QUANTITATIVE VARIABLES The page is composed by the following tabs:
CORRELATION INDEX AND SCATTER PLOT
SUMMARY STATISTICS
HISTOGRAM AND CONDITIONAL BOX-PLOT

PREDICTIVE MODEL The page is composed by the following tabs:
MODEL SELECTION
CONFUSION MATRIX
SUMMARY STATISTICS
HISTOGRAM AND CONDITIONAL BOX-PLOT

MODEL COMPARISON The page is composed by the following tabs:
MODEL FITTING INDEXES
ROC CURVE COMPARISON

Among the models tested to predict the default indicators there are the following:

LOG = Logistic Regression Model
DT = Decision Tree Model
RF = Random Forest Model
GB = Gradient Boosting Model

The app is composed by five pages here in details.

First tab: Table view

The first page allows the visualization of the values of each column of the data set.

It is possible to choose the variables of interest, the number of observations displayed on the screen and sort the columns into multiple levels. It is also possible to download the data in .csv format.

TABLE VIEW: The page is composed by the following tabs:

TABLE VIEW SELECTION, it allows you to select the data set to be visualized between training and test.

COLUMN SELECTION TYPE, it allows you to select the columns to be visualized among all the availables.

DATASET VIEW, it shows you the values of the columns of the selected data set and it allows you to page and sort the data.

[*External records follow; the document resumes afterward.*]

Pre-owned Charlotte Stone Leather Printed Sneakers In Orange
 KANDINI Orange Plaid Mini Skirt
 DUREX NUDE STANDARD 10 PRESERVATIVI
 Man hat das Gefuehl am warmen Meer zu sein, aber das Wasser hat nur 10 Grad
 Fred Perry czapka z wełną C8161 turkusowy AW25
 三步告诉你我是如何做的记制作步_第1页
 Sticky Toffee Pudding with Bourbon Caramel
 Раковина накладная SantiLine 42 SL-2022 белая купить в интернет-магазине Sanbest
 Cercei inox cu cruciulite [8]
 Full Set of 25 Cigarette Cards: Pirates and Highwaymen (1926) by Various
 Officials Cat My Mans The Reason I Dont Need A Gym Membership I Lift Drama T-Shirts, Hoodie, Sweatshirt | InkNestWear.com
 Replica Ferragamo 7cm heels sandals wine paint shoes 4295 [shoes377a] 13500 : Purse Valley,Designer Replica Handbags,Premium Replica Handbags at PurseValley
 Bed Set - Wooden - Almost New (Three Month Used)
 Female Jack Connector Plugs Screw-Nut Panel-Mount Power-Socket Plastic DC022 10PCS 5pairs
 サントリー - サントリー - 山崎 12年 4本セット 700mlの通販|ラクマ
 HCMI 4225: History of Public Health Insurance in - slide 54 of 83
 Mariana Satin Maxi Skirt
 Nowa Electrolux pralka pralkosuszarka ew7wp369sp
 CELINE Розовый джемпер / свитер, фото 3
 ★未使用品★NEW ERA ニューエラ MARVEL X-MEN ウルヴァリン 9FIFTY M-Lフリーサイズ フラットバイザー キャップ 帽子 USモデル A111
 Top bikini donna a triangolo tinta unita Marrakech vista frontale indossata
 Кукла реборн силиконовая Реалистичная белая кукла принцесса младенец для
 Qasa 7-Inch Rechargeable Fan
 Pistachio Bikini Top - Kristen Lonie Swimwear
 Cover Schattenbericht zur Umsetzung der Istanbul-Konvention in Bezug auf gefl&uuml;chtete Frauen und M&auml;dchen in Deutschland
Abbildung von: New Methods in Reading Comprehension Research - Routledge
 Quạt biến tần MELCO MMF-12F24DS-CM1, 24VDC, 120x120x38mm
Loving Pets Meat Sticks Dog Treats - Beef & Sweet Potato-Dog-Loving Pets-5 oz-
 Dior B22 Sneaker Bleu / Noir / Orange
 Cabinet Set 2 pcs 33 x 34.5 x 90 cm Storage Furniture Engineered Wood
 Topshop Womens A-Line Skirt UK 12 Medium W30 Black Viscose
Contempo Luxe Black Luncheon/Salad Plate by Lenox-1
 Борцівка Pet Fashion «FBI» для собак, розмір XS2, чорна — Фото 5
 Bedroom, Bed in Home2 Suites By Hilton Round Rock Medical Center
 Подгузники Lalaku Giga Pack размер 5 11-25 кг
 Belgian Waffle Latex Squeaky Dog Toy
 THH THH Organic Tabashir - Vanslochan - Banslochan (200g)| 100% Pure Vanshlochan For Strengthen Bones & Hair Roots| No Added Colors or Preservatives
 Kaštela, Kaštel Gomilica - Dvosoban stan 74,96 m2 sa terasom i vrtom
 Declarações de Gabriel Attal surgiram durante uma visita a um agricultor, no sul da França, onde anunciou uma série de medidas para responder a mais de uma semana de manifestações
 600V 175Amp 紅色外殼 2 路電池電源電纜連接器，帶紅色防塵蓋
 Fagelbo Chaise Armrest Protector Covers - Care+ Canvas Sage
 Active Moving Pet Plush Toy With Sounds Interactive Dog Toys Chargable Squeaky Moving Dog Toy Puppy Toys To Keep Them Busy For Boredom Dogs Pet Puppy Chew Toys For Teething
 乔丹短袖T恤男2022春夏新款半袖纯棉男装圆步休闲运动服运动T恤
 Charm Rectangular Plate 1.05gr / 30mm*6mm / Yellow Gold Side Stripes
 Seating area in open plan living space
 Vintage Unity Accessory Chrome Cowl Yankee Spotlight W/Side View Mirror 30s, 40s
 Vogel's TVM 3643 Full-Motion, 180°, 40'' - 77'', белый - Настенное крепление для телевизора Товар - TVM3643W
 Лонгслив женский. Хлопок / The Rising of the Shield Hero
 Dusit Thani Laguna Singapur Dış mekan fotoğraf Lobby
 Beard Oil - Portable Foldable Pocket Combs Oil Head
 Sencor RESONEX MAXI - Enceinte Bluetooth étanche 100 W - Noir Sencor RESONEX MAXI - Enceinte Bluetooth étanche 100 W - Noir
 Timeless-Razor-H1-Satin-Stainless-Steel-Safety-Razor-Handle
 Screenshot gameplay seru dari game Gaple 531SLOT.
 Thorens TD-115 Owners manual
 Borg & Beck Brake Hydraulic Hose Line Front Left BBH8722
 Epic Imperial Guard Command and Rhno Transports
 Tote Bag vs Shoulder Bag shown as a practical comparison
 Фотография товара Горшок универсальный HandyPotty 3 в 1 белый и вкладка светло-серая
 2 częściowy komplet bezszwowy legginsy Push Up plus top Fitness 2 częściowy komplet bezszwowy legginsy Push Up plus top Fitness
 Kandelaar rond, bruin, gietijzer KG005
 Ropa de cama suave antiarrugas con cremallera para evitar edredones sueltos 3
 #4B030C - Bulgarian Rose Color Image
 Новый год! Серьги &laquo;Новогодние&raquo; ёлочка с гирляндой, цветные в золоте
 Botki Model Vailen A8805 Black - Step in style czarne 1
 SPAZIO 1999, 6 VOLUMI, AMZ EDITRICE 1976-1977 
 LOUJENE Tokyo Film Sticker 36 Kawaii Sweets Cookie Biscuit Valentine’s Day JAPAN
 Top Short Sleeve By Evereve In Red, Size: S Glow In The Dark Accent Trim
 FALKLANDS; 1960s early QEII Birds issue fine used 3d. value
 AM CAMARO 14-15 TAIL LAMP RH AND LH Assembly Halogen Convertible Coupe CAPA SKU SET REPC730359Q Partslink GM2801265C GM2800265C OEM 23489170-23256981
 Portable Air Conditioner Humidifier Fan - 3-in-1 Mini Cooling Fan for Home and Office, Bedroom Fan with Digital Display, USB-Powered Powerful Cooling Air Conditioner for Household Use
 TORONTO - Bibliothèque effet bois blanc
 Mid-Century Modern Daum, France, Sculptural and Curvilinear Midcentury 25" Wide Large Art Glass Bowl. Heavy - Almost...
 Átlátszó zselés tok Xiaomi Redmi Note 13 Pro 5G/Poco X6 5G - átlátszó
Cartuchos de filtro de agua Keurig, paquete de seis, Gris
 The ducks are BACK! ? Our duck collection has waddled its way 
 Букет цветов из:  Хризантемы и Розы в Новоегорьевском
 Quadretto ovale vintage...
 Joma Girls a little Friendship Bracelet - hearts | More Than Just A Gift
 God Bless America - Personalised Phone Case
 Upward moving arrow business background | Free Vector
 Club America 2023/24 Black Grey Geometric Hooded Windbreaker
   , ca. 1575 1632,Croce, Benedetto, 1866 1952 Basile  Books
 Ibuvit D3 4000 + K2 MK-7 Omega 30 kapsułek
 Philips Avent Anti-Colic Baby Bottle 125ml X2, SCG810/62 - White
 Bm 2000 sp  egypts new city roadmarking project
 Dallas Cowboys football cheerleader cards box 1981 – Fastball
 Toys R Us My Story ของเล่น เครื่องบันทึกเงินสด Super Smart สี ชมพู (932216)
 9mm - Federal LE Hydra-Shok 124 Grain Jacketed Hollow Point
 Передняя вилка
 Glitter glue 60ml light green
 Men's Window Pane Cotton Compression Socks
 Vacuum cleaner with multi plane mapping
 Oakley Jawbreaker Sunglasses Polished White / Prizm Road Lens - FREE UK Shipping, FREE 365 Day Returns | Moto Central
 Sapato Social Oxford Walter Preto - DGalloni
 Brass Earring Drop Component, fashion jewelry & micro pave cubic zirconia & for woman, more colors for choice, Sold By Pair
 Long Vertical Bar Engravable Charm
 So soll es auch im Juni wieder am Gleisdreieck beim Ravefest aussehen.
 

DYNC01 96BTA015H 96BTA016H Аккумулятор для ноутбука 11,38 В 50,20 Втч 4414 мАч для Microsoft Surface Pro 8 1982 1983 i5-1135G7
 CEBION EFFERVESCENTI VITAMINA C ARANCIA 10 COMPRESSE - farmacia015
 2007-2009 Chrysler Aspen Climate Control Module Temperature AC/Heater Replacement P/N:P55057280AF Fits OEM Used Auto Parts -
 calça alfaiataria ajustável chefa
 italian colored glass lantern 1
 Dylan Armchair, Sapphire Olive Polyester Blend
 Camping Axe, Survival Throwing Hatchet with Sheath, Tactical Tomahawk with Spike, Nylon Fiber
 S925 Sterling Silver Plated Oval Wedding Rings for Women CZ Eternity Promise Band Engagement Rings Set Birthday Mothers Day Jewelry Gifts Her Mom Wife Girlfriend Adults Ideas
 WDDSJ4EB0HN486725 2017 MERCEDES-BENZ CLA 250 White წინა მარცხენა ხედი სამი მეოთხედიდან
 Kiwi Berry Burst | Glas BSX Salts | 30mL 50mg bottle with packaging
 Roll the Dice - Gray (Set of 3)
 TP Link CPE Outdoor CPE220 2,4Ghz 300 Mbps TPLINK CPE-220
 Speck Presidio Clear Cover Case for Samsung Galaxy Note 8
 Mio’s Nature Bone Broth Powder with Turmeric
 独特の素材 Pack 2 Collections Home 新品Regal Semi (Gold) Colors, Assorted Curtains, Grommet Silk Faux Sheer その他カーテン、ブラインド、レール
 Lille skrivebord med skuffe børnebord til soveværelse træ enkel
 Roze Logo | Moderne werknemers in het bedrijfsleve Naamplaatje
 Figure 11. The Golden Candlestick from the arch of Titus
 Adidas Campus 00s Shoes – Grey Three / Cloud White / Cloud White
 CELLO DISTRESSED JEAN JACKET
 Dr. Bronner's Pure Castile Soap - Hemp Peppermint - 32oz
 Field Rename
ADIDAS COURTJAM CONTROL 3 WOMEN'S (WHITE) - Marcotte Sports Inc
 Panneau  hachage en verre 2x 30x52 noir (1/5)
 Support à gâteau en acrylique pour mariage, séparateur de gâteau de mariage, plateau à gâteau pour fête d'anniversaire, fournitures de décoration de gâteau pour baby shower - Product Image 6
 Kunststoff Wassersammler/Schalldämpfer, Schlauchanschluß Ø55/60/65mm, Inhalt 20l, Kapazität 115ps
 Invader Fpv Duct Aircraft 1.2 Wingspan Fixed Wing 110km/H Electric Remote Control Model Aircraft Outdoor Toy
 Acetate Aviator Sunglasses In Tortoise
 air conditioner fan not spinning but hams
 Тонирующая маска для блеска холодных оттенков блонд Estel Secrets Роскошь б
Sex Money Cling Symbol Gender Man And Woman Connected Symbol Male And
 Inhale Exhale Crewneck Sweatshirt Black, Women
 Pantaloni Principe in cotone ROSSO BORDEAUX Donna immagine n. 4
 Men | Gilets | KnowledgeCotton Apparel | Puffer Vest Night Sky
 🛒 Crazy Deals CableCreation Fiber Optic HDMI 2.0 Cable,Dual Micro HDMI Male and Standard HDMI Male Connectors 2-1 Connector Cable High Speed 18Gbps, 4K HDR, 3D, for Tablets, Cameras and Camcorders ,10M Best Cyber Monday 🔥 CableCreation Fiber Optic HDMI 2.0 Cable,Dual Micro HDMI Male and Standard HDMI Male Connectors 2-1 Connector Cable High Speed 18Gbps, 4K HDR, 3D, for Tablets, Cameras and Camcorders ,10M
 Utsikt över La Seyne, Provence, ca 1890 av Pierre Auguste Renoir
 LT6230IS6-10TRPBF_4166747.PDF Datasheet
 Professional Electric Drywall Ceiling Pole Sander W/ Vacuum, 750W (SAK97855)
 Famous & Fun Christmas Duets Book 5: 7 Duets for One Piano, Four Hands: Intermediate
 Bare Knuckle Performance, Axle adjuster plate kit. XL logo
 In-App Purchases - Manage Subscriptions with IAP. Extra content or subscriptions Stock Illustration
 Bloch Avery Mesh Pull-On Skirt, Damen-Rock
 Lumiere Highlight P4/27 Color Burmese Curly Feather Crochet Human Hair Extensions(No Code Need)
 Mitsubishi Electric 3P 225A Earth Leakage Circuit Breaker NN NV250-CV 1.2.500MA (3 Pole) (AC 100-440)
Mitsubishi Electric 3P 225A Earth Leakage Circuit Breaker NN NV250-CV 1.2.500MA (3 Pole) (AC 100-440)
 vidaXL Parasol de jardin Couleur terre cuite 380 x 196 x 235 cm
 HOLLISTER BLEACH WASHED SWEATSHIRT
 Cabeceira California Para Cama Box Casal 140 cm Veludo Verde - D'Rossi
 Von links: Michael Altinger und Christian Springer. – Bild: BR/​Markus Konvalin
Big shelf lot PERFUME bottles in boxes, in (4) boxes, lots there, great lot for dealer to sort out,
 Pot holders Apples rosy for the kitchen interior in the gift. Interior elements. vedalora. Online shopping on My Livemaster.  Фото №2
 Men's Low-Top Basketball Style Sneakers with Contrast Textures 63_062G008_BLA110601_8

Click on the video below to see the dashboard in action for the visualization of the values of each column of a selected data set and to see a quick view of the component data flow that generates and controls the dashboard.

Click on each picture to enlarge it, or on each video to see it.

Second tab: Qualitative variables

The second page allows the exploration of the distribution and correlations measures between categorical variables of the data set.

First you have to select a couple of variables to be analyzed. You can also download the produced correlation table in CSV format. Second, you can select one of the categorical variables listed under the first chart to produce a pie chart and a frequency distribution.

QUALITATIVE VARIABLES: The page is composed by the following tabs:

CORRELATION TABLE BETWEEN QUALITATIVE VARIABLES, it allows you to calculate the correlation between couples of variables of the training data set.

COLUMN SELECTION, it allows you to select the column to be visualized among all the availables.

PIE CHART AND FREQUENCY TABLE, it allows you to visualize the distribution of the qualitative variable with a pie chart and a frequency table.

CONDITIONAL BAR CHART AND FREQUENCY TABLE, it shows you the values of the columns of the selected data set and it allows you to page and sort the data.
it allows you to visualize the distribution of the target variable "esineg" by the qualitative variable values with a pie chart and a contingency table.

Click on the video below to see the dashboard in action for the visualization of the frequency tables and charts of the qualitative variables and to have a quick view of the component data flow that generates and controls this dashboard.

Click on each picture to enlarge it, or on each video to see it.

Third tab: Quantitative variables

The third page allows the exploration of the distribution and correlations measures between numerical variables of the data set.

Charts and statistical tables are based in the first 2 variables selection as AXES and a single variable to analyse its distribution respect the response variable "esineg". You can also download the produced correlation table in CSV format.

QUANTITATIVE VARIABLES: The page is composed by the following tabs:

AXES SELECTION, it allows you to select the two variables to be used as X and Y axes in the following graphics.

CORRELATION INDEX AND SCATTER PLOT, to see the correlation index (Pearson) and a scatter plot of a the two selected numeric variable of the training data set.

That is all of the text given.